First, consider how reflecting on the various reasons will affect the student’s beliefs. Faced with compelling evidence that evolution has in fact occurred, she may - as a rational agent - come to believe it. That is, her rational faculties may respond to her apprehension of epistemic reasons for a belief by directly producing the recommended belief. This marks epistemic reasons as instances of what Raz calls standard reasons, or reasons that “we can follow directly”. Practical reasons for belief, by contrast, are non-standard in that they cannot be directly followed. Much as the student might wish to please her parents, no amount of reflection on their threat will suffice by itself to change her scientific beliefs.
What if people could respond directly to practical reasons for belief by changing their belief? It seems like this should be possible. At least, we can imagine a scenario in which reflecting on the practical benefits of holding a belief has a similar neurological effect as what actually happens when we reflect on evidence suggesting the truth of a belief. One might argue that the resulting neurological state, being sensitive to non-epistemic reasons, no longer qualifies as ‘belief’. But this seems implausible so long as enough of the functional role of belief remains intact: the person still sincerely asserts the proposition when asked what they believe, draws inferences from it, and behaves in ways that could be expected to fulfill their desires if the proposition were true, etc. So I think we must allow that this scenario is properly described as involving belief. But does it involve following a reason? This seems more questionable. Raz suggests, of a similar case, that the agent merely deceives themselves into believing that they followed the reason. They have not really done so, for that would be impossible -- it is not the kind of reason that can genuinely be followed in such a fashion. Of course, to assert this without argument risks begging the question, as Raz well recognizes. What we need is some independent basis for determining which reasons can be followed and hence qualify as standard reasons.

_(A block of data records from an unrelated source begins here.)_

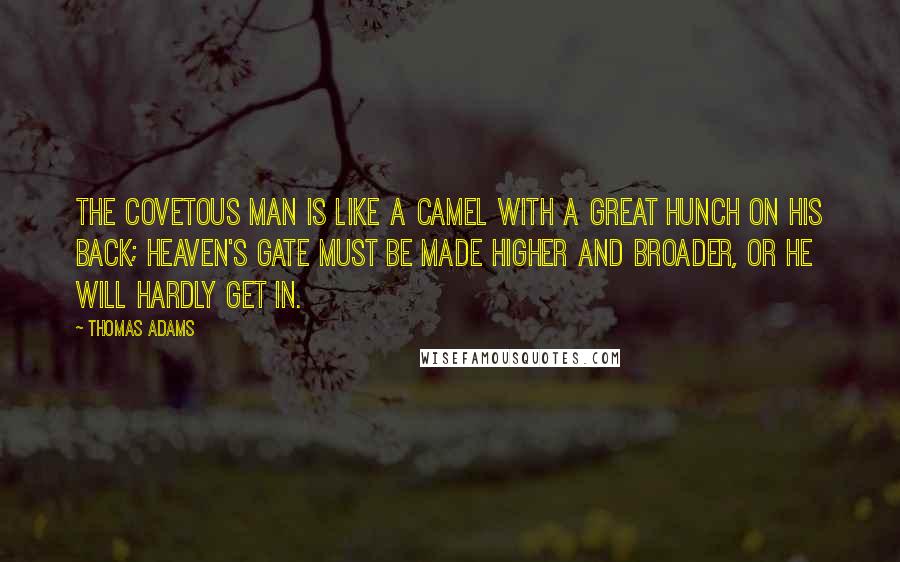 Thomas Adams Quotes: The covetous man is like a camel with a great hunch on his back; heaven's gate must be made Higher and broader, or he will hardly get in.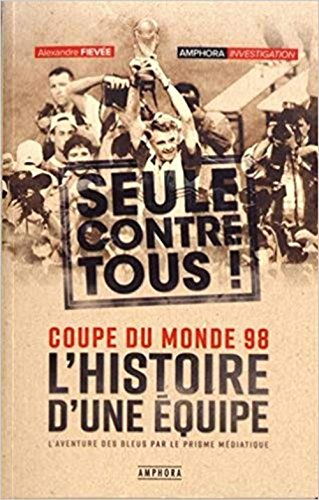 L'histoire d'une équipe, seule contre tous : Coupe du monde 98 : l'aventure des Bleus par le prisme 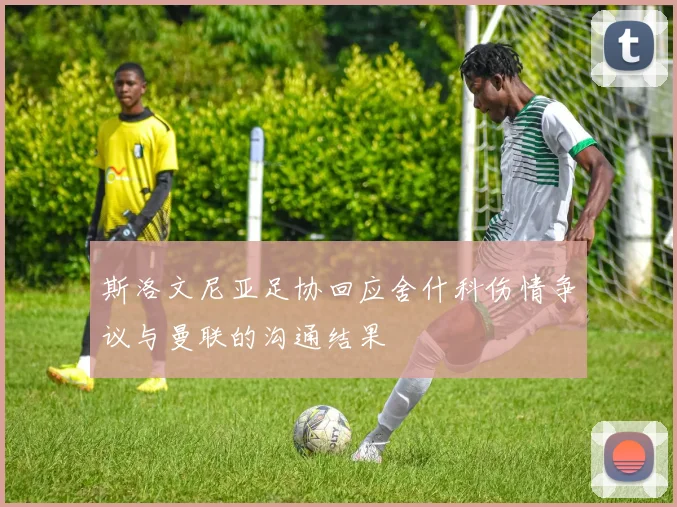 斯洛文尼亚足协回应舍什科伤情争议与曼联的沟通结果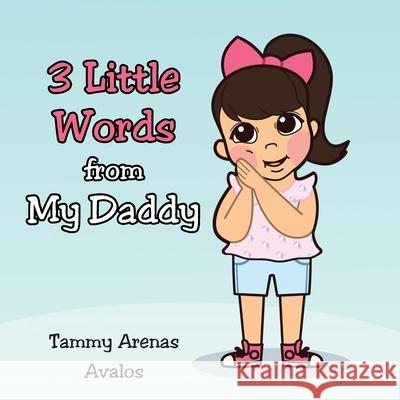 3 Little Words from My Daddy Tammy Arena 9781098099626 Christian Faith Publishing, Inc - książka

One thing we can tell right away is that this is not simply an empirical matter, to be ‘read off’ the neuro-psychological data. Not all forms of influence qualify as rational influence, and information may make its way into our heads without doing so under the guise of a reason. The other lesson from the above scenario is that, as Raz puts it, “whether one follows a reason is not purely a matter of how the agent understands his situation.” Combining these: the agent may cite a practical reason why he holds his belief, and it may indeed have played a central causal role in his neuro-psychology, but this still does not count as following the practical reason, in the normative sense we’re interested in here.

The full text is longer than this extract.